Representative quotations for overarching themes and sub-themes.
Maximize independence in life skills
Recognizing that, as parents, they are “not always going to be [around]” to help (Participant 8), maximizing their daughters’ independence was a common concern for mothers.
Mothers’ definition of independence in life skills
Mothers identified the need for their daughters’ independence in two distinct areas: accomplishing general activities of daily living and performing health-management tasks. By helping their daughters learn to dress, cook, care for their own daily needs, and do their own errands, many mothers hoped their daughter would be prepared for adult life generally and ideally to “live on her own” (Participant 20) and be a “member of society” (Participant 19). Teaching their daughters to perform their own medical self-care was also a priority, especially if their daughter was on a bladder or bowel program.
Barriers to independence in life skills and mothers’ strategies
Most mothers described several barriers to their daughters’ independence. Some found their daughters struggled to learn new skills, whether due to physical challenges (e.g., finding a way they could achieve a task) or due to cognitive delay (e.g., remembering all the steps to a task). Teaching their daughters required persistence despite difficulties, regular prompting to help their daughters remember tasks such as using a “verbal cue,” and patience in allowing their daughters to “struggle” to complete tasks even when progress was slow (Participant 8). If a task was especially physically difficult, mothers took different approaches. Many mothers wanted to affirm that their daughters could do anything and have “no restrictions,” even if this meant they needed to learn “a different way of doing it” (Participant 12). Alternatively, a few mothers described pushing their daughters to do everything possible for themselves but also to understand that “everybody has limitations” and to be confident asking for help when necessary (Participant 16).

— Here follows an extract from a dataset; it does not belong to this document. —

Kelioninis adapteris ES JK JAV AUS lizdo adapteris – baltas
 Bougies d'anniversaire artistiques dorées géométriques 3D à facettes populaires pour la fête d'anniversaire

More difficult to overcome was a discrepancy between the mother's and daughter's motivation towards independence, in particular around medical self-management. Some mothers noted their daughters did not “seem to have an interest in being independent,” particularly with their “voiding needs” (Participant 10). Mothers coped by recruiting “doctors” and others “outside of [the] family,” including occupational therapists, to encourage and teach their daughters (Participant 3). Mothers also coped by adjusting their own expectations regarding the timing of independence-related skill achievement, opting to wait to push their daughters to master these skills until their daughters showed “the desire” to learn (Participant 20).
Achieve empowerment
Mothers were concerned about promoting their adolescent daughter's sense of empowerment, which they felt would facilitate greater happiness, healthier relationships, and the motivation and capability to function in and influence society.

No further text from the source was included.